• [Task directions]:
Write out the lines of the material below exactly, beginning at the line with "Dainty Women's 18K" and stopping after the line with "9 Bainbridge Road", and leave out the pictures.

[Data for this task — start]

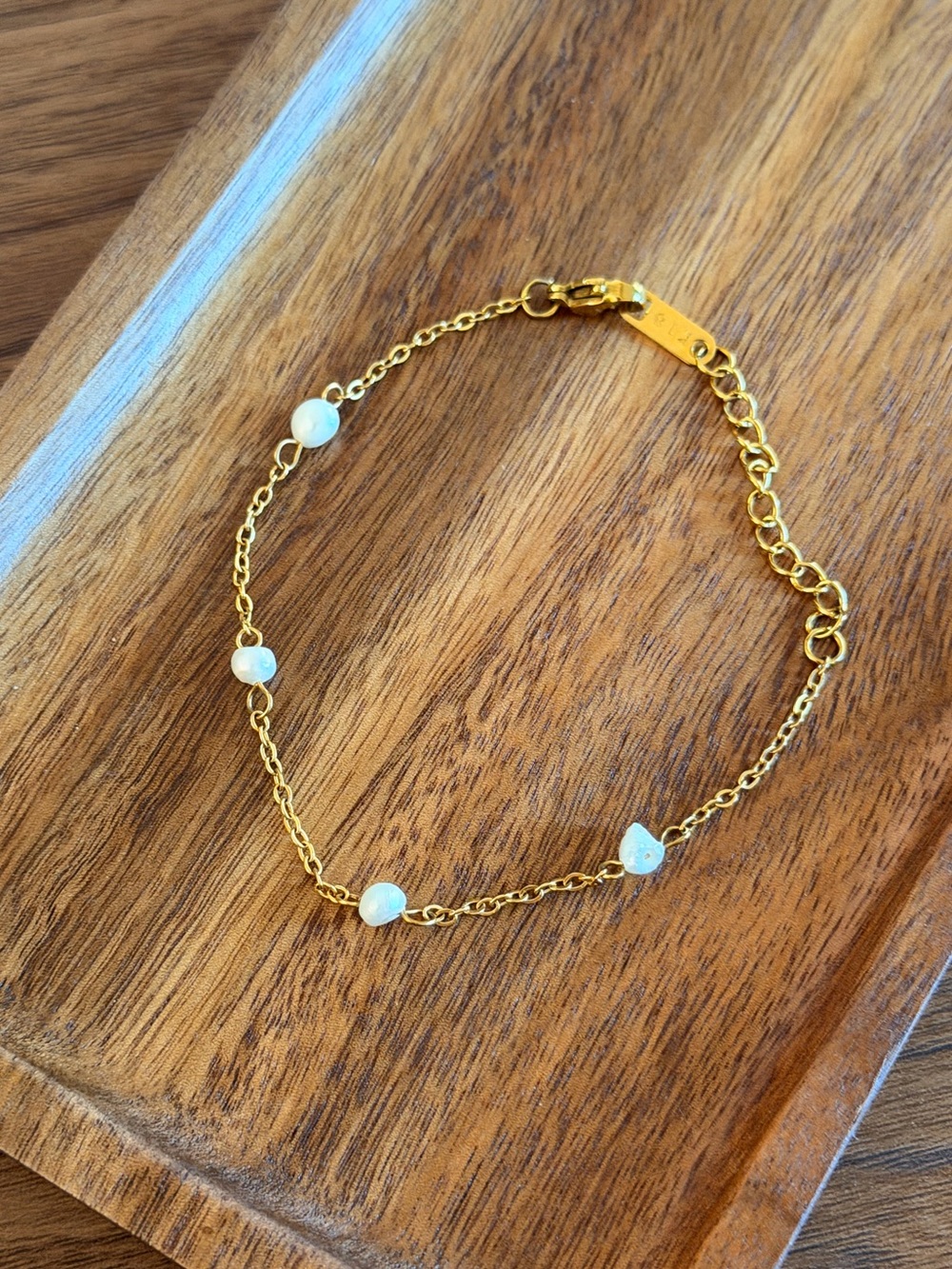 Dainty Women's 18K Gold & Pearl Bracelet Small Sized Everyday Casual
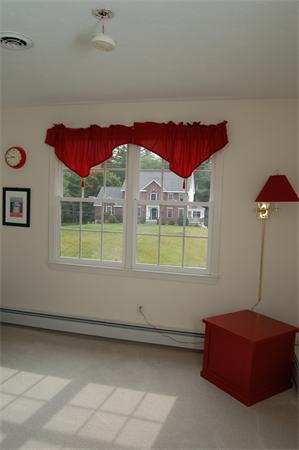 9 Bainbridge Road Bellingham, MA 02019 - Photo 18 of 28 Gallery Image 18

[Data for this task — finish]
[Data for this task — start]

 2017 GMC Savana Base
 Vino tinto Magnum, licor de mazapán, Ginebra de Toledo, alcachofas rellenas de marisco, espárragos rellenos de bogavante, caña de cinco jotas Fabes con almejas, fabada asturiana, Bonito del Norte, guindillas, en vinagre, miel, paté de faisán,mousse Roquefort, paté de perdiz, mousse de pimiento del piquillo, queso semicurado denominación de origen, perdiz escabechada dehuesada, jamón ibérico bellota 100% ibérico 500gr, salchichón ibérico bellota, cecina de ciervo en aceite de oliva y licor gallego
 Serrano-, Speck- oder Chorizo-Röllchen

[Data for this task — finish]

• [Answer space]:
 Dainty Women's 18K Gold & Pearl Bracelet Small Sized Everyday Casual
 9 Bainbridge Road Bellingham, MA 02019 - Photo 18 of 28 Gallery Image 18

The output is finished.